Schwangerschaftsdiabetes

Relativ früh in der Schwangerschaft bin ich zu einer Diabetologin. Da mein Zuckerwert beim Glukosetest immer am Grenzwert nah dran ist, das ging seit einigen Jahren so. Bei der Mukoviszidose ist Diabetes eine Nebenerkrankung und damit das früh erkannt wird, wird einmal im Jahr ein Glukosetest gemacht. Ich bin dann zur Diabetologin, um das Abklären zu lassen (Dieses Thema ist so groß, da schreibe ich euch einen Extrabeitrag) jedenfalls hatte ich dann einen Schwangerschaftsdiabetes und musste mir Insulin spritzen und meine Ernährung umstellen. Die Sache mit dem Schwangerschaftsdiabetes war eigentlich das größte Problem und am nervigsten von allem.
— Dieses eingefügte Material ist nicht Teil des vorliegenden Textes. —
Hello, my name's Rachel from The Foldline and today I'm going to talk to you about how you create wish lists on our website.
Erst im 7. Monat begann mein Bauch so zu wachsen, dass man etwas sehen konnte. Auch wenn das nicht viel war, ich war richtig stolz endlich meinen Babybauch präsentieren zu können. Mir ging es bis dato immer noch sehr gut und ich hatte keinerlei Einschränkungen. Es war auch bei den regelmäßigen Besuchen in der Mukoviszidose Ambulanz alles in Ordnung. Ich genoss die Schwangerschaft und freute mich auf das Baby. Ich machte mir Gedanken über die Geburt und wie sich das Leben mit Baby wohl verändern würde. Alles war bestens.
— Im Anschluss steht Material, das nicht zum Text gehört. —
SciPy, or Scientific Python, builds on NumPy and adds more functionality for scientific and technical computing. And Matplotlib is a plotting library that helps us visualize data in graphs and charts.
Dann ende November auf einem Geburtstag, holte ich mir einen Grippalen Infekt, mir ging es dann schlecht, weil ich eben Grippe hatte. Aber dem Baby ging es gut und ich brauchte keine Antibiotika oder Ähnliches aber der Infekt schlauchte mich schon etwas, ich war nicht mehr so fit, alles war anstrengend. Klar es ging auf das Ende der Schwangerschaft hinzu, das kam dann auch noch dazu. Ich habe dann durch den Infekt leider abgenommen und meine Lungenfunktion wurde auch etwas schlechter, ca. 3-4 % also das Ende war daher anstrengend.
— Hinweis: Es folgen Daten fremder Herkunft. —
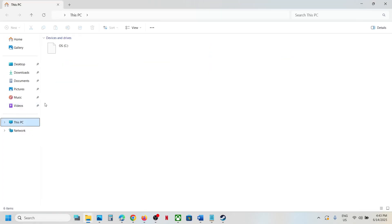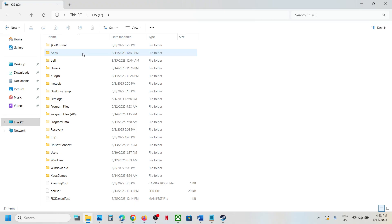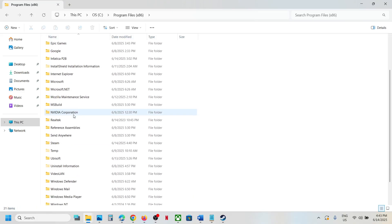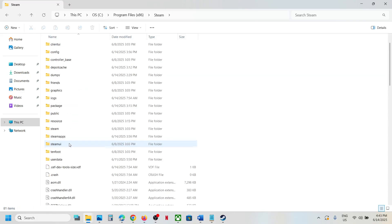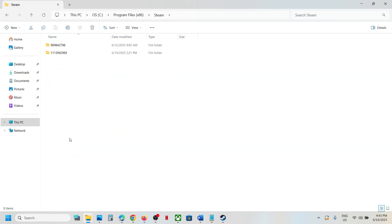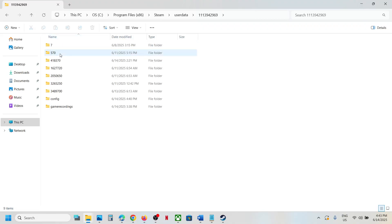Open the C drive, or wherever Steam is installed, and open that drive. Then go to Program Files (x86), open the Steam folder, open the user data folder, and open your Steam ID folder.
Termin in der Geburtsklinik

Anfang Dezember hatte ich auch den ersten Termin in der Geburtsklinik, die ich mir ausgesucht hatte. Da wir nicht wussten, wie sich die Mukoviszidose auf die Geburt auswirkt. Und was da auf uns zukommt, sollten wir schon früh mit den Ärzten die Möglichkeiten besprechen. Wir besprachen mit der Ärztin die verschiedenen Möglichkeiten aber sie riet mir auch zur natürlichen Geburt, das hatte ich auch geplant. Im Notfall wäre ein Kaiserschnitt sowieso jederzeit möglich. Wir besprachen noch die weiteren Möglichkeiten, die es gibt wenn die Geburt zu anstrengend werden würden. PDA, Lachgas, Sauerstoff etc. Ich hatte nachdem Gespräch ein wirklich gutes Gefühl und da ja alles aufgenommen wurde. Wusste ich das jeder Arzt/Ärztin die im Dienst wäre darauf zugreifen konnte.

Die Tage vor der Geburt ging es mir echt nicht gut. Ich war müde und schlapp und merkte einfach, dass ich im Moment nur ruhe brauchte. Ich legte mich oft hin und ruhte mich aus. Eigentlich hätte ich schon längst mit den Weihnachtsvorbereitungen beginnen müssen, aber dafür hatte ich keinen Nerv. Ich habe es immer aufgeschoben. Und dann war der Tag gekommen ganz überraschen und 4 Wochen zu früh erblickte unser kleines Wunder das Licht der Welt (Geburtsbericht)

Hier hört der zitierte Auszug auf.